Paul Devlin has been involved with two of the better documentaries of the ‘00s: Power Trip, a film he directed, about the politics of making money off electricity in a post-communist Georgia; and Freestyle: The Art Of Rhyme, a film he produced and edited, about the importance of improvisation in hip-hop. Devlin’s documentary BLAST! has a more personal origin, though the director doesn’t really delve into it. BLAST! follows Devlin’s brother Mark, an astrophysicist working on launching a Balloon-borne Large Aperture Sub-millimeter Telescope, designed to peer back in time and map the history of the stars. Mark Devlin’s team includes foul-mouthed grad students, NASA advisors, and a devout Christian colleague who hopes to use any data they gather to better understand God. A failed launch in Sweden leads to a last-ditch effort in Antarctica, where the team waits for good weather and sweats every setback, while their families wait impatiently back home.
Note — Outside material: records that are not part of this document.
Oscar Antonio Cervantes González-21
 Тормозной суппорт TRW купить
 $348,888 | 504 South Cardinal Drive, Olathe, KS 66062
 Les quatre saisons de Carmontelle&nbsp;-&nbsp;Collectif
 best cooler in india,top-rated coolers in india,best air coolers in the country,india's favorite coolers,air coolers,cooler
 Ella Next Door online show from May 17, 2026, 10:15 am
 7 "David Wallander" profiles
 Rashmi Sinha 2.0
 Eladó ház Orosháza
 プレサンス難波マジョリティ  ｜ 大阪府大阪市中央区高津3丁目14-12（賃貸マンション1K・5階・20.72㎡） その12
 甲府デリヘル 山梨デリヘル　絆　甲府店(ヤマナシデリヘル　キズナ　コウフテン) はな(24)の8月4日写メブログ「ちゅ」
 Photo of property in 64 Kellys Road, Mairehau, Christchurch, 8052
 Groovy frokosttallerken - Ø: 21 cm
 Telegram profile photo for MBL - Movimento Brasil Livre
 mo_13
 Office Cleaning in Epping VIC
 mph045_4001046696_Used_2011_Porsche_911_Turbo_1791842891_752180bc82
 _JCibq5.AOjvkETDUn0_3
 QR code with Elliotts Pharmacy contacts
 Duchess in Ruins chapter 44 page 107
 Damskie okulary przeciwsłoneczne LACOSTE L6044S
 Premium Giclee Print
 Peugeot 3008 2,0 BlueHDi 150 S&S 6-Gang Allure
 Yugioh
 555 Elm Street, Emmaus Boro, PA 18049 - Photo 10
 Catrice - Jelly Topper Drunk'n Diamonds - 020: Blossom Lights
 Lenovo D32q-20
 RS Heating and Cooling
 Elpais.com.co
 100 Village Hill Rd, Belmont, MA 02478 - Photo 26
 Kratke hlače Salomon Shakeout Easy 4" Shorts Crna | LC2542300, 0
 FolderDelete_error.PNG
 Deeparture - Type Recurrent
Devlin has fodder here for about a half-dozen documentaries: one about his relationship with his brother and his father (both scientists), one about the intersection of science and faith, one about the intersection of academic theory and hard physical labor, one about life in the remote outposts where complicated research gets done, and so on. But as befits a documentarian who’s worked on projects about energy-suppliers and rappers, Devlin has a hard time focusing. BLAST! could use a little of the personality of an Ice Road Truckers, or the showmanship of a Mythbusters, or the philosophical inquiry of a Werner Herzog film.
That said, Devlin comes away from his globe-hopping scientific adventure with a lot of terrific footage of giant balloons rising from barren landscapes, and stressed-out theoreticians nervously watching their fragile, expensive equipment scrape across ice floes. BLAST! takes pit stops in New Zealand (where American expeditions to Antarctica get outfitted) and the cabin where Ernest Shackleton’s team made camp in 1909. There’s a matter-of-factness to BLAST! that overcomes the documentary’s lack of one strong thread. And it helps that Devlin’s brother and his colleagues are so likable, as they endure another endless sunlit Antarctic day and laugh about how “step by tedious step we stumble away from abject failure.”